Last updated at Posted at 2024-06-07

はじめに

RLC回路の過渡応答解析は一般的には微分方程式を用いて考察する。しかし、その微分方程式を解析的に解くのは難易度が高く、ましては応答をグラフ化するのは手計算では限界がある。そこで、微分方程式をプログラムを用いて解くことでRLC回路の過渡応答の様子を伺うことを本記事では試みる。具体的には、微分方程式を状態方程式に変換した上で、簡易な差分法を用いて解析する。以下は解析結果のグラフである。

RLC_状態方程式_電荷.png

問題設定

以下のようなRLC直列回路に正弦波電圧を加えたときのコンデンサに蓄積された電荷の応答を調べる。ただし、R=2[Ω],L=1[mH],C=10[μF]として、電源周波数を50[Hz]、電源電圧を1[V]とした。

直列回路.JPG

微分方程式と状態方程式

RLC直列回路の微分方程式は以下のようになる。ただし、電源電圧とコンデンサに蓄積された電荷の瞬時値をそれぞれ$e(t),q(t)$とした。

e(t)=R\frac{dq(t)}{dt}+L\frac{d^2 q(t)}{dt^2}+\frac{q(t)}{C}

ゆえに、

\frac{d^2 q(t)}{dt^2}=-\frac{q(t)}{LC}-\frac{R \frac{dq(t)}{dt}}{L}+\frac{e(t)}{L}

これを状態方程式にすると以下のようになる。

\begin{pmatrix}
\frac{dq(t)}{dt}  \\
\frac{d^2 q(t)}{dt^2}  \\
\end{pmatrix}

=

\begin{pmatrix}
0 & 1 \\
-\frac{R}{L} & -\frac{1}{CL} \\
\end{pmatrix}

\begin{pmatrix}
q(t)  \\
\frac{d q(t)}{dt}  \\
\end{pmatrix}

+


\begin{pmatrix}
0  \\
\frac{1}{L}  \\
\end{pmatrix}

e(t)

したがって、以下のように表す。

\dot{\textbf{x}}(t)

=

\begin{pmatrix}
0 & 1 \\
-\frac{R}{L} & -\frac{1}{CL} \\
\end{pmatrix}

\textbf{x(t)}

+


\begin{pmatrix}
0  \\
\frac{1}{L}  \\
\end{pmatrix}

e(t)

ただし、

\textbf{x}(t)=\begin{pmatrix}
q(t)  \\
\frac{d q(t)}{dt}  \\
\end{pmatrix}
\dot{\textbf{x}}(t)=\textbf{v}(t)=

\begin{pmatrix}
\frac{dq(t)}{dt}  \\
\frac{d^2 q(t)}{dt^2}  \\
\end{pmatrix}

とする。

ここで、位置ベクトル、速度ベクトルをそれぞれ$\textbf{x}(t),\dot{\textbf{x}}(t)$として、差分法で微分方程式を解くことを考える。

アルゴリズム

微分方程式(状態方程式)を解くアルゴリズムは以下の通りである。

ここでは、ある物体がx軸に対して直線運動していると考える。

変位と速度(差分法の原理)

微小区間($t=t$から$t=t+\Delta t$)に速度$v(t)$(変位の微分)と変位$x(t)$が以下のよう与えられたとする。
$x(t+\Delta t)$は微分の定義式から以下のように考えることができる。
これは、$t=t$のときの情報のみを頼りに$t=t+\Delta t$のときの情報を推定することができることを意味している。

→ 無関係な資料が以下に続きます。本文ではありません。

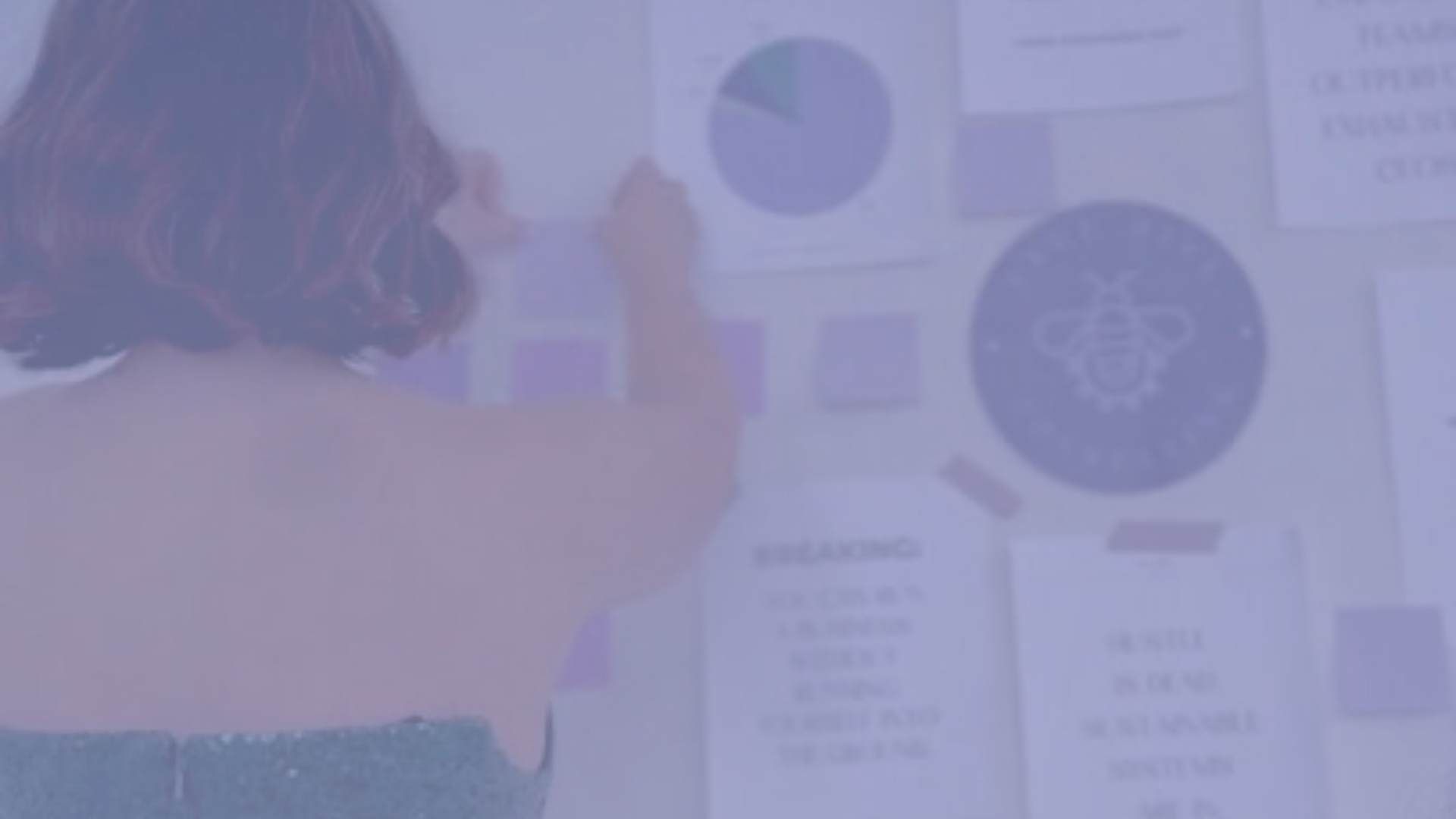 True Hive WIREFRAME (Presentation) (5).png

\textbf{x}(t+\Delta t)=\textbf{x}(t)+\textbf{v}(t)\Delta t

これを$t=0$から$t=t$まで加算することで$t=t$での位置$\textbf{x}(t)$を求めることができる。

プログラム

さて、以上の考察をもとにして以下のようなプログラムを作成した。

python RLC_modern.py
import numpy as np
import matplotlib.pyplot as plt
import japanize_matplotlib
import math


# 微分方程式:V =R Q'*L Q''+Q/C

#パラメータ

R = 2       # 抵抗値
L = 1e-3    # インダクタンス
C = 10e-6   # 静電容量



#初期条件 (電荷と電荷の微分量について)
x=np.array([0,0])


#初期時間
t=0

#時間と状態量(ここでは電荷と電荷の微分量)
time_ary=[]
X=[]

#微小時間の時間間隔(小さくするほど精度は上がるが計算時間が比例して増大する)
delta_t=0.00001
while(t<0.02):


    E=np.sin(2*math.pi*50*t)

    v=np.array([[0, 1], [-1/(L*C),-R/L]])@x+np.array([0,1/L])*E

    #位置の微小変化
    x=x+v*delta_t

    #print(v)
    #演算結果を記録
    
    time_ary.append(t)
    X.append(x[1])

    #時間の更新
    t=t+delta_t

plt.xlabel("応答時間[s]")
plt.ylabel("コンデンサに蓄えられた電荷量[C]")

plt.plot(time_ary,X)
    
#グラフを保存する
plt.savefig("RLC_状態方程式_電荷.png")
#グラフの表示
plt.show()

これを実行すると以下のようなグラフが出力される。

RLC_状態方程式_電荷.png

まず、初期電荷量は0なので、電荷は急速に電源から供給され蓄積されるが、共振周波数付近で振動した。次に、十分に時間が経過すると電源周波数で緩やかな振動をした。

まとめ

今回は、RLC直列回路の過渡応答について、状態方程式を用いることでプログラミングによりシミュレーションした。結果、振動解を実用計算時間内において十分に再現することが可能であるということが分かった。また電流値の応答自体は、初期は共振周波数付近の振動をするが、時間が経つに従って電源周波数での緩やかな振動に落ち着くということも確認することができた。